The supporting evidence described in court records is what likely allowed prosecutors to move so quickly. Officers found a spent shell casing in the parking lot. Surveillance from inside the restaurant allegedly showed Phillips leaving the building, then captured car lights activating and what police described as a faint muzzle flash. The footage then appeared to show him returning inside with what looked like a black handgun in his left pocket. Officers later recovered a black Glock 22 from the walk-in freezer. Those details, if admitted and accepted by a jury, would give the prosecution not only an injured victim’s account but a physical and visual trail that roughly matches it.

Phillips’ interview with detectives sets up the likely points of dispute. He acknowledged being the manager and said he asked the customer to pull forward because chicken had to be cooked fresh late at night. He said the men exchanged words and that the customer later returned, yelling racial slurs while another order was being taken. Phillips told investigators he went outside because the hatch on his car was open and said he told the customer to move on. He denied shooting anyone, denied knowledge of the gun and denied involvement beyond the verbal exchange. The case, then, is not likely to turn on whether there was an argument. Both sides appear to agree there was. It will turn on whether the prosecution can prove Phillips was the person who fired the shot and then concealed the weapon.
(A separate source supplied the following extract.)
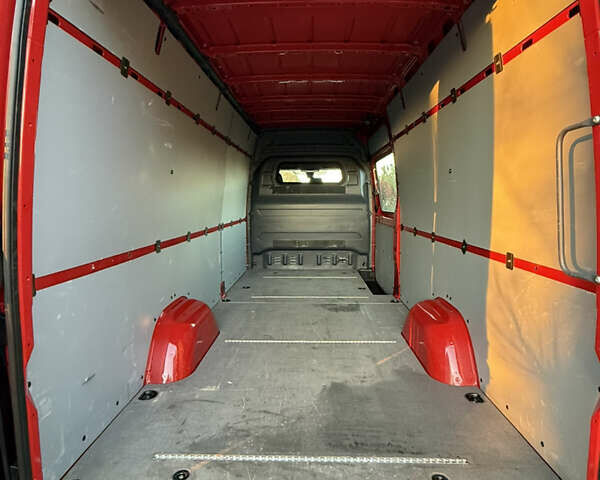 Красный Мерседес Sprinter, объемом двигателя 0 л и пробегом 228 тыс. км за 24800 $, фото 17 на Automoto.ua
There is also a broader procedural issue hanging over the file. Public reporting has not yet laid out whether prosecutors will pursue any additional allegations tied to the firearm itself beyond the charges already filed. KSHB reported that investigators determined the Glock had been stolen from the Norfolk Police Department, a fact that may or may not play a larger role as the case develops. Public reporting also has not shown the full surveillance footage, forensic testing results or any defense challenge to the customer’s identification. Those missing pieces are common in the early phase of a felony case, when probable cause has been established but the adversarial testing of evidence has barely begun.

As of April 17, the public record showed a compact but serious prosecution: one wounded customer, one arrested manager and one evidence trail prosecutors believe is strong enough to carry a violent felony case forward through the Missouri court system.

Author note: Last updated April 17, 2026.